■ PROMPT ■
Output, word for word and without pictures, the lines from the one containing "Camping Never Underestimate" through the final line of the listing below.

■ DATA PROVIDED ■
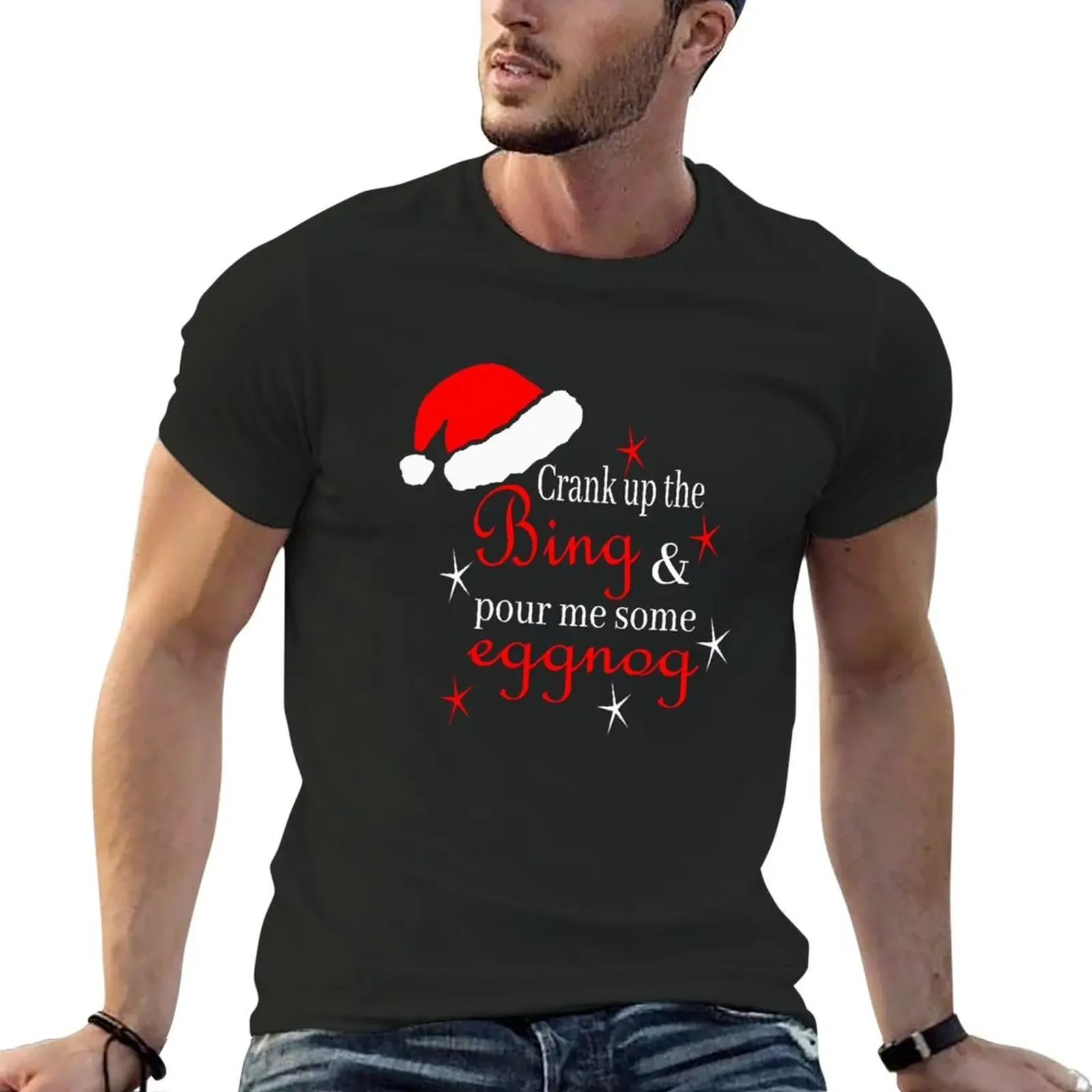 Crank Up the Bing and Pour me some Eggnog T-Shirt Short sleeve tee quick drying Blouse black t shirts for men
Crank Up the Bing and Pour me some Eggnog T-Shirt Short sleeve tee quick drying Blouse black t shirts for men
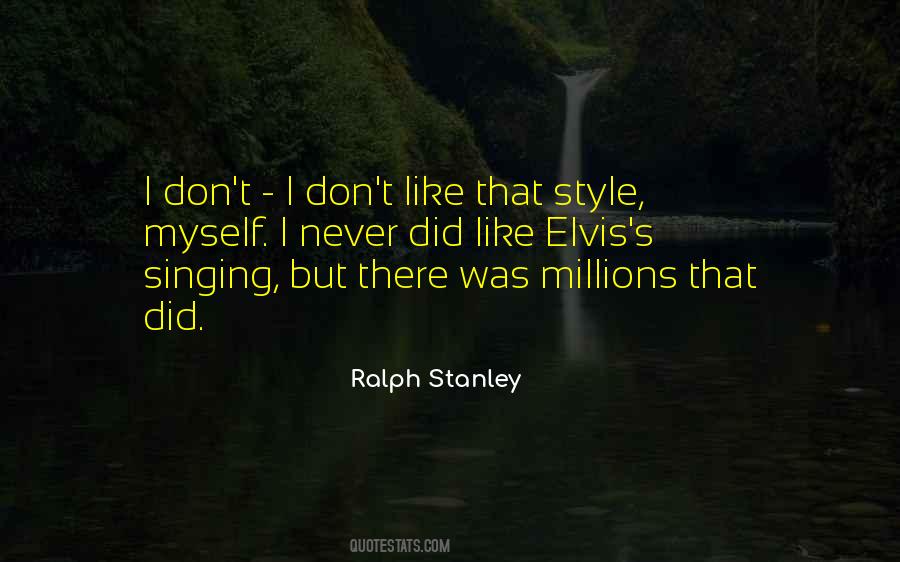 Elvis's Quotes #1225036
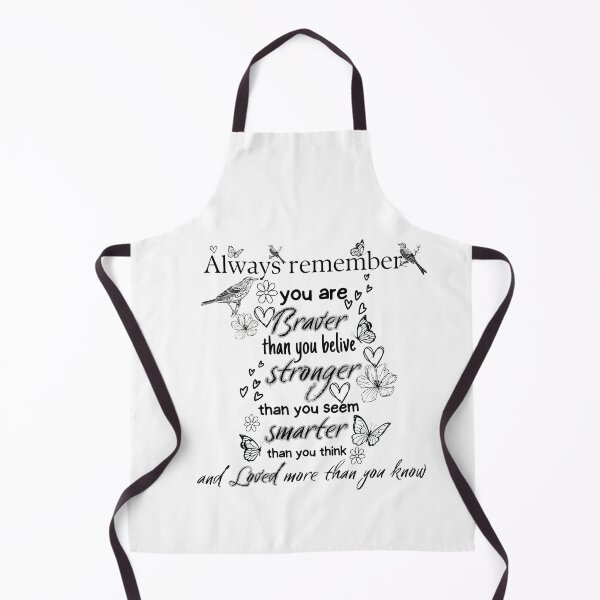 Item preview, Always Remember You Are Braver Than You Belive, Stronger Than You Seem, Smarter Than You Think, And Loved More Than You Know designed and sold by Alaminee.
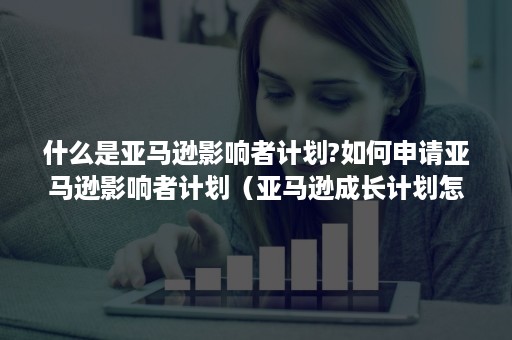 什么是亚马逊影响者计划?如何申请亚马逊影响者计划（亚马逊成长计划怎样）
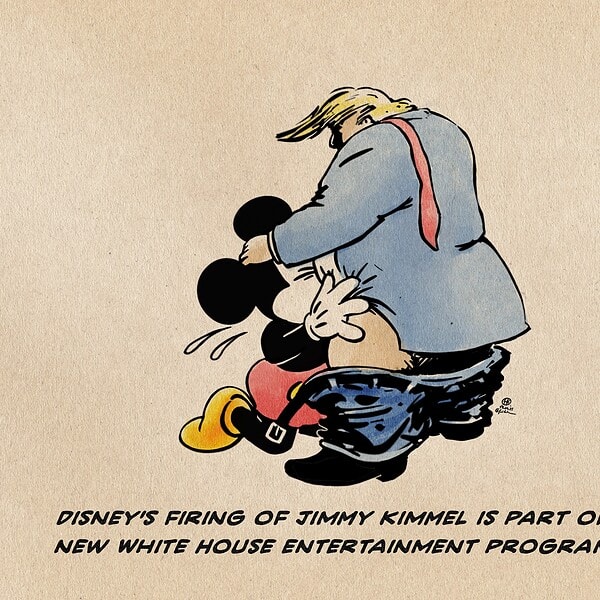 Illustration von Mickey beim Fellatio kniend vor Trump. Textzeile: Disney’s firing of Jimmy Kimmel is part of its new White House Entertainment Programme.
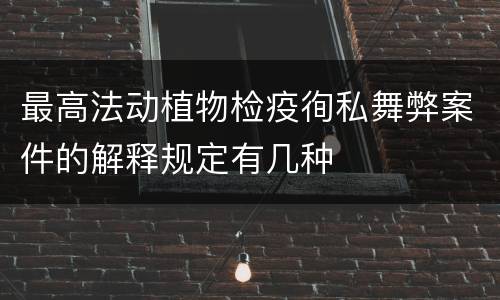 最高法动植物检疫徇私舞弊案件的解释规定有几种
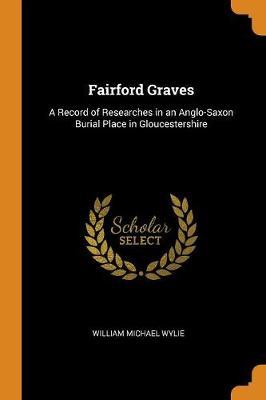 Fairford Graves: A Record of Researches in an Anglo-Saxon Burial Place in Gloucestershire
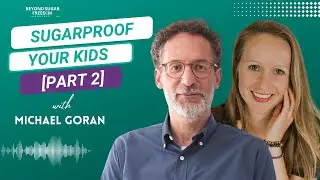 How to Sugarproof your kids with Michael Goran [Part 2]
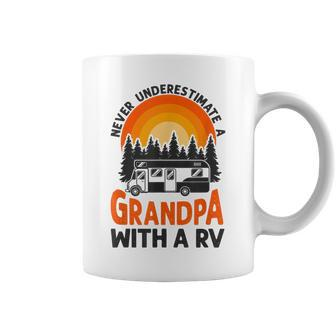 Camping Never Underestimate Grandpa Rv Motorhome Family Grandpa Funny Gifts Coffee Mug | Mazezy
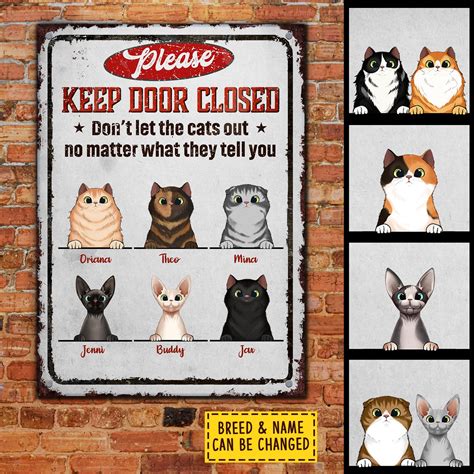 Please Keep Door Closed Funny Personalized Cat Metal Sign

■ RESPONSE ■
 Camping Never Underestimate Grandpa Rv Motorhome Family Grandpa Funny Gifts Coffee Mug | Mazezy
 Please Keep Door Closed Funny Personalized Cat Metal Sign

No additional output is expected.